È un peccato, perché tanti tennisti meno forti hanno azzeccato il torneo della vita senza avere la giusta continuità. Lei no, pur andandoci vicina un mucchio di volte. Non si diventa numero 6 del mondo per caso, senza avere qualcosa di speciale.
Per sette volte, Carla ha raggiunto i quarti di finale in uno Slam: tre in Australia, due a Parigi, due a New York. Il primo a Melbourne, quando batté Venus prima di arrendersi a Elena Dementieva, l'ultimo allo Us Open 2018: si è tolta lo sfizio di battere la Sharapova, salvo poi arrendersi a Madison Keys.
Sempre a New York, nel 2013, ebbe la possibilità di festeggiare il 25esimo compleanno sull'Arthur Ashe. Purtroppo per lei, Serena Williams non era in vena di regali e le lasciò le briciole. La grande occasione, il torneo che avrebbe potuto cambiarle la vita, è il Roland Garros 2014.
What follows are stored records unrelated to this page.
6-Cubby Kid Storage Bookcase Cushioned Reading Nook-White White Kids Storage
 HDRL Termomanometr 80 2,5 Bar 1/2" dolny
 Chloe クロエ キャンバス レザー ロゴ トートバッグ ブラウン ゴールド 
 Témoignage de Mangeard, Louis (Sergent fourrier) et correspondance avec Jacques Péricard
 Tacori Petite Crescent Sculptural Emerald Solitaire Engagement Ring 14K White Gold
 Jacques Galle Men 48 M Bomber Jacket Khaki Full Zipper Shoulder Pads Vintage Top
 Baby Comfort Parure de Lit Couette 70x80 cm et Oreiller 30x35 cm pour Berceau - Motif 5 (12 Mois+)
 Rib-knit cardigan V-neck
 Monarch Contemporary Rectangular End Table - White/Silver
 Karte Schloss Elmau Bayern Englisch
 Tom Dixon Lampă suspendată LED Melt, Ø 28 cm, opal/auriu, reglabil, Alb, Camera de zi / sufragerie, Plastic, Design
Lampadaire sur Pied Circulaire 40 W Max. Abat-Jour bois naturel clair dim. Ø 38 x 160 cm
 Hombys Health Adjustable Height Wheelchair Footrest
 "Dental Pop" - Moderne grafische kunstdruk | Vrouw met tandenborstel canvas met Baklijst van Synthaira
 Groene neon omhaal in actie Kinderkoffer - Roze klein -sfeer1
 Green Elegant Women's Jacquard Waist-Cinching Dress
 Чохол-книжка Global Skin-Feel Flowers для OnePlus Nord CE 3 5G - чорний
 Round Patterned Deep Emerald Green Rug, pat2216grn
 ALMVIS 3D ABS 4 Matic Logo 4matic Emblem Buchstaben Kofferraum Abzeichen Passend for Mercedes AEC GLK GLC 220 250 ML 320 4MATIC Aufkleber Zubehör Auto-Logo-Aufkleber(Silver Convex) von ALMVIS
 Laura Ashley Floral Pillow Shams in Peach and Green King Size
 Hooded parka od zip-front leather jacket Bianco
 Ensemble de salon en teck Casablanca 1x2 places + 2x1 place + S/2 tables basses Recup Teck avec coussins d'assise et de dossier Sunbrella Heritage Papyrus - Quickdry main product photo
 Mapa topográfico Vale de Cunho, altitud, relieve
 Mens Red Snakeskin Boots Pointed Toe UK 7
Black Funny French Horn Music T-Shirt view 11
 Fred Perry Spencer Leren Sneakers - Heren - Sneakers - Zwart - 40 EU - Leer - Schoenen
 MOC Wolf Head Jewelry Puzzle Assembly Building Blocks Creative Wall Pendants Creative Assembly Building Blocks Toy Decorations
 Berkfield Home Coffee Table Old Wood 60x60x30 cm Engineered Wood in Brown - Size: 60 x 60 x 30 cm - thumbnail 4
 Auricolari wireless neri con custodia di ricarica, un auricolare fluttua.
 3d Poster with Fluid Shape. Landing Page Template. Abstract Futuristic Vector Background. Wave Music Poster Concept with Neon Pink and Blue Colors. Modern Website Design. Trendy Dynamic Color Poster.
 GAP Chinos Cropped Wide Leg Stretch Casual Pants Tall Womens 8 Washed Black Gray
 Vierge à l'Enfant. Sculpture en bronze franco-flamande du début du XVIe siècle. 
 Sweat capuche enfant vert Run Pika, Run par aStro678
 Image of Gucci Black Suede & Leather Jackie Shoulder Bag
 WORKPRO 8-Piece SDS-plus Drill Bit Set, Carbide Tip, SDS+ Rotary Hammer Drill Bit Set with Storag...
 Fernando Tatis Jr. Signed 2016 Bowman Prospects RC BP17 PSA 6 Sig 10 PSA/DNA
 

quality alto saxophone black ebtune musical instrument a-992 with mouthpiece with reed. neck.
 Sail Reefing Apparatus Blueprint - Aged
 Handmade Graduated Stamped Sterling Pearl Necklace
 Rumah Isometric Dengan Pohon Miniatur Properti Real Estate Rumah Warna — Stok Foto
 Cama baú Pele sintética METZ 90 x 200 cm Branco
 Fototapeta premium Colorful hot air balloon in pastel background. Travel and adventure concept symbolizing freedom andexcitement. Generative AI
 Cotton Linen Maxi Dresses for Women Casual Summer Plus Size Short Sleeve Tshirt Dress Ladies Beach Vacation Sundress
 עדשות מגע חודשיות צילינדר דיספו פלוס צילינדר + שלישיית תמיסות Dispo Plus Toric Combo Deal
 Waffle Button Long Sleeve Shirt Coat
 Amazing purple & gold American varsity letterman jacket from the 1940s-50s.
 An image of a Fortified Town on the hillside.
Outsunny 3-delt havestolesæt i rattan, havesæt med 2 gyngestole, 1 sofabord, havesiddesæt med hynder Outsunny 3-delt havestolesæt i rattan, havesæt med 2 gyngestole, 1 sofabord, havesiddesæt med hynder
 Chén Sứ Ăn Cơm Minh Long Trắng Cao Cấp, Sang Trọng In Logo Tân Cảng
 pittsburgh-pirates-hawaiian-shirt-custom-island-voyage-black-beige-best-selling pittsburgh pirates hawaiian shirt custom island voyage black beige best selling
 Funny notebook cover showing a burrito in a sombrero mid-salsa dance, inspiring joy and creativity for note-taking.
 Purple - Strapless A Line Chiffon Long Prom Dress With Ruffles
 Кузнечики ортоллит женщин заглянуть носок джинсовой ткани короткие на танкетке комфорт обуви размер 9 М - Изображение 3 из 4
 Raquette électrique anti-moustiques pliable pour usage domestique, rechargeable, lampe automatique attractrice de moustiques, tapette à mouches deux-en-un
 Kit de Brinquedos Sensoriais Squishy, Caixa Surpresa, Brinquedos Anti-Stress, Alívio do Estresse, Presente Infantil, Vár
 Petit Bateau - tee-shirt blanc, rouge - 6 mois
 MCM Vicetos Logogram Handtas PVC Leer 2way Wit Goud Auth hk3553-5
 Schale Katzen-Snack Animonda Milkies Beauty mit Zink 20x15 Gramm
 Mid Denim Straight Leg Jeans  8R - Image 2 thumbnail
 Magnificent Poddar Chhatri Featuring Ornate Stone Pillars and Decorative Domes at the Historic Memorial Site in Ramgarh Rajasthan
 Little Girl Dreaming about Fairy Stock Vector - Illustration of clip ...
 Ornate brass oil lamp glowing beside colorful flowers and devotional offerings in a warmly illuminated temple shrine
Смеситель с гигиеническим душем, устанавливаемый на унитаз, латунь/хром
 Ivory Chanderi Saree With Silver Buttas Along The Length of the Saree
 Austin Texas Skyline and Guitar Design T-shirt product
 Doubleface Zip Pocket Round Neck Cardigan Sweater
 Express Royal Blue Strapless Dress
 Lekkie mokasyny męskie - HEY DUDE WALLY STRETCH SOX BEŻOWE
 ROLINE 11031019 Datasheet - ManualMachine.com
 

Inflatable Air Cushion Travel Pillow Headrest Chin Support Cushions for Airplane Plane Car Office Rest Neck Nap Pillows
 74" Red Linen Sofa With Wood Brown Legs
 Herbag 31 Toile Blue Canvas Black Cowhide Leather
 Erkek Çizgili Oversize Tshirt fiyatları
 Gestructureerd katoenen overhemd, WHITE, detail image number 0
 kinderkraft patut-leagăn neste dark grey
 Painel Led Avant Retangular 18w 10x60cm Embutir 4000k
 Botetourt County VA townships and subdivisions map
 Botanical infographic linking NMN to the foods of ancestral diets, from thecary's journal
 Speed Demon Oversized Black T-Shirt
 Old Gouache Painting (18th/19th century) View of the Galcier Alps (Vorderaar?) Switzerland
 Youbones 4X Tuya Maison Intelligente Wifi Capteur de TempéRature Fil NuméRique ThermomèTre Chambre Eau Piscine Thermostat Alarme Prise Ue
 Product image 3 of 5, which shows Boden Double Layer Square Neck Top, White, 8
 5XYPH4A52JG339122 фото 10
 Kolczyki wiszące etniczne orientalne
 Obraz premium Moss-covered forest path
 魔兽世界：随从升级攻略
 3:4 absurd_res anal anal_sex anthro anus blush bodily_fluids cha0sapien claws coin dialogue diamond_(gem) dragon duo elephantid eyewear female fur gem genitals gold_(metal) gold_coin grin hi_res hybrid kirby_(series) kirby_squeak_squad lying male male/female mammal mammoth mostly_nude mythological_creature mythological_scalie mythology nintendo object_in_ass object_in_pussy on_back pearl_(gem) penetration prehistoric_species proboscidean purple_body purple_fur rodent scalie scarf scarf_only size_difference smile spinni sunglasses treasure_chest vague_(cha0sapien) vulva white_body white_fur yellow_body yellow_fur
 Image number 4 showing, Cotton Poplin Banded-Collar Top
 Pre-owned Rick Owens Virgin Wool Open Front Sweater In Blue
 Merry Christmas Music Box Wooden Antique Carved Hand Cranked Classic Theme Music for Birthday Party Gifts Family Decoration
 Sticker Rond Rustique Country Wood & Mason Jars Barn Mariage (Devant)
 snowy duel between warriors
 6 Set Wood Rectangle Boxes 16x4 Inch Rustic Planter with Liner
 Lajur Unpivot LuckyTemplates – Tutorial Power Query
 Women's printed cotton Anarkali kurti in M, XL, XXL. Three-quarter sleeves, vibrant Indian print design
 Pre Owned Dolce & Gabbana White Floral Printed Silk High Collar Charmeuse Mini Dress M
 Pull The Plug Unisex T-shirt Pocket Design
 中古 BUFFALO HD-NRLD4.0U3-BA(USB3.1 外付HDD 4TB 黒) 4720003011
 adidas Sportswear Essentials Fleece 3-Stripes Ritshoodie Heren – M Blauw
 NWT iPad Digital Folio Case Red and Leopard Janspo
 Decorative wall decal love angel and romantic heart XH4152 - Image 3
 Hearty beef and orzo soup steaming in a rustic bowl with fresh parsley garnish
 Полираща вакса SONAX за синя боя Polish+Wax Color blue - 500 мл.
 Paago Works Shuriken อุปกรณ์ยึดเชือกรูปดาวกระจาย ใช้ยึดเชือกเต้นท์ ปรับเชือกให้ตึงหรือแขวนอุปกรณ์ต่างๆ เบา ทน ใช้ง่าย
Anche lo spettatore meno attento avrebbe colto le metafore del suo quarto di finale contro Eugenie Bouchard. La regina del bikini, del gossip tennistico, contro una forma di bellezza diversa, racchiusa dentro il campo da tennis, con un rovescio a una mano di un'eleganza stilistica straordinaria.
In quel periodo, la Bouchard giocava su una nuvola, illudendo se stessa e gli appassionati che avrebbe potuto diventare una super-big. Non sarebbe stato così, ma quel giorno diede il meglio e la spuntò 7-5 al terzo.
Avesse vinto la Suarez, in semifinale avrebbe affrontato Maria Sharapova, futura vincitrice del torneo. E forse avrebbe potuto scrivere una storia diversa. Ma c'era scritto, nel suo destino, che avrebbe dovuto essere ricordata per il gesto ancor più che per i risultati.
Lo scorso anno, in un'intervista durante la offseason, rilasciò una dichiarazione inquietante: “Il rovescio a una mano si sta perdendo. Gli restano pochi anni di vita. Personalmente sono contenta perché lascerò un ricordo per questo colpo.
È un colpo che piace molto alla gente, ne sono consapevole. Se dovessi chiedere qualcosa che non ho, vorrei qualche centimetro in più di altezza e non il rovescio a due mani”. Se tra gli uomini il colpo resterà in vita, tra le donne la faccenda è ben più complicata.
Quando Carla pronunciava queste parole, c'erano soltanto tre top-100 a giocare il rovescio a una mano: oltre a lei, la tedesca Tatjana Maria e la russa Margarita Gasparyan. Oggi resiste la Maria, ed è tornata tra le top-100 Viktorjia Golubic.
Ma l'orizzonte del colpo non è così roseo, anche perché le giovani non hanno più modelli a cui ispirarsi. E la precocità con cui si inizia a giocare consiglia i maestri a impostare il rovescio bimane, più adatto – in tenera età – a sorreggere il peso della racchetta.
Per fortuna c'è Youtube, con la possibilità di osservare il colpo straordinario di Carla. E c'è la speranza che qualcuno provi a imitarlo, tramandandolo ancora per qualche anno. “Il tennis mi ha dato più di quanto potessi immaginare – ricorda Carla – non avrei mai pensato di giocare da professionista per 12 anni.
Adesso ho altre priorità, il tennis richiede tanti sacrifici, un impegno mentale di 24 ore al giorno. Tuttavia, affronterò il mio ultimo anno con la dovuta professionalità. Forse avrei potuto vincere uno Slam: giochiamo tutte per quello e per diventare numero 1, ma non credevo di ottenere quello che poi è arrivato”.
Tra i suoi sogni c'è anche quello di mettere su famiglia e dedicarsi agli affetti. “Vorrei diventare madre – diceva l'anno scorso – e a quel punto penserò a quello, di sicuro non sarò tra le madri che tornano a giocare”.
C'è da crederle. E forse sì, è giusto che venga ricordata più per il suo rovescio che per un singolo exploit. Certe cose non hanno prezzo.